Readers are seen in a bookstore in Southwest China's Chongqing, on Jan 26, 2019. [Photo/Xinhua]
Eight publishing houses based in Beijing and 46 in Shanghai have jointly issued two statements claiming they are not cooperating with domestic e-commerce platform JD.com in its plan to sell books at a 70, or even 80, percent discount.
Though they did not spell it out, the cost of a book, which includes copyright royalty for the author, salaries for the editing team and the cost of printing, cannot possibly be less than 30 percent of the marked price. A discount of 70 percent would mean almost zero profit for publishers. The publishing industry is such that readers do not benefit in the long run by buying books cheap. If so, publishers will stop making profits, they will not be able to provide royalty to authors on time, or pay the editors.

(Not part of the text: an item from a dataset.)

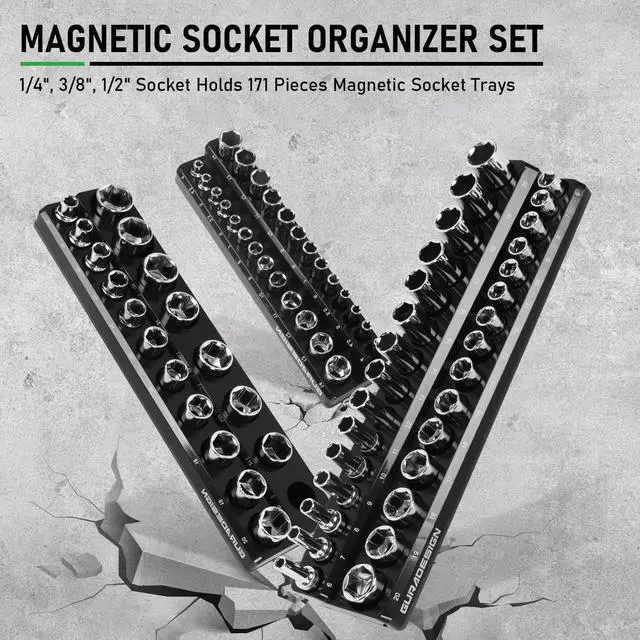 Alt view image 6 of 7 - 8PCS Socket Organizer Set - Magnetic Holder for 171 Pieces (1/4", 3/8", 1/2")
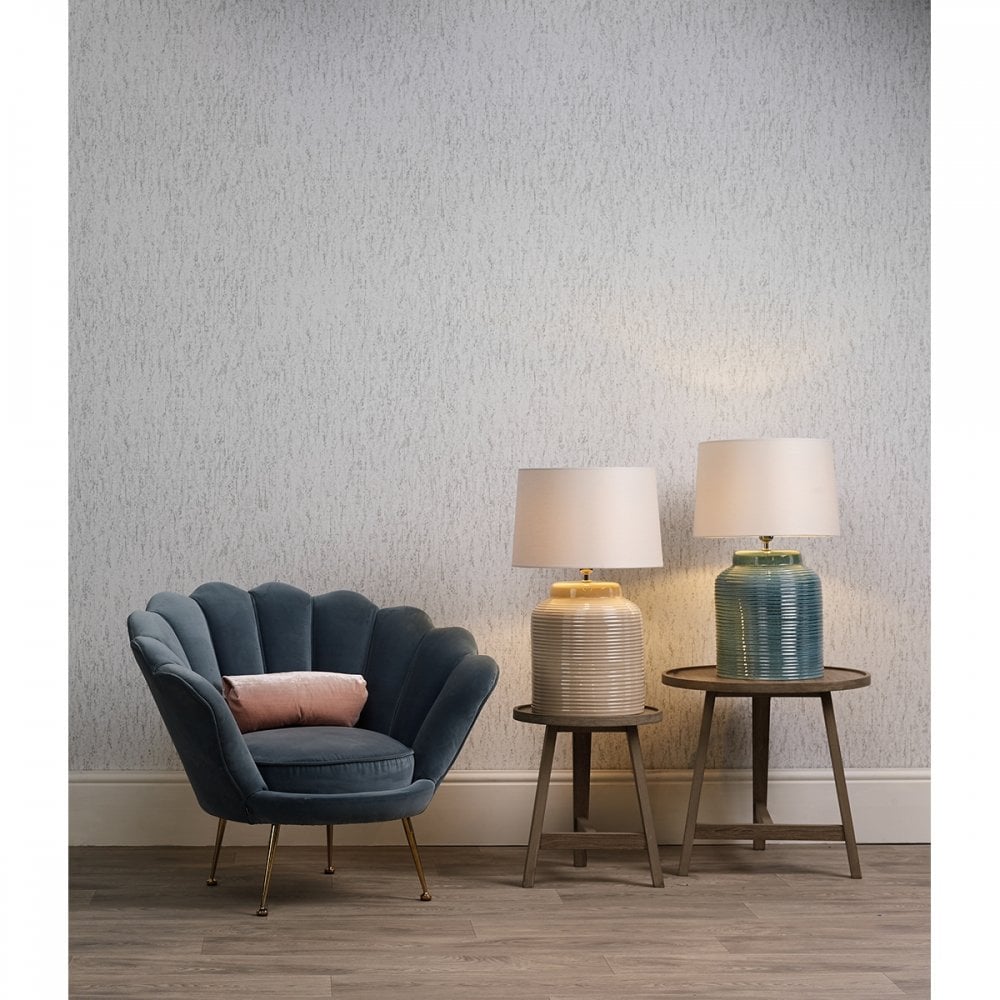 Tidal Taupe Gloss Ceramic Table Lamp With Bone White Shade TID4133+TAP4007-WI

Already, the annual financial report for 2023 of 28 domestic publishing houses, publicized in April, shows 17 of them made moderate profits, nine of them made less than 100 million yuan ($13.80 million) in profit while two of them registered losses. If the publishing houses give in to the competitive price competition among e-commerce platforms, the situation will only get worse.
Yet the fact that only a small number of the over 500 publishing houses nationwide are rejecting the platform's initiative shows how heavily the sector relies on the platform for sales. After all, more people buy books online than from bookstores.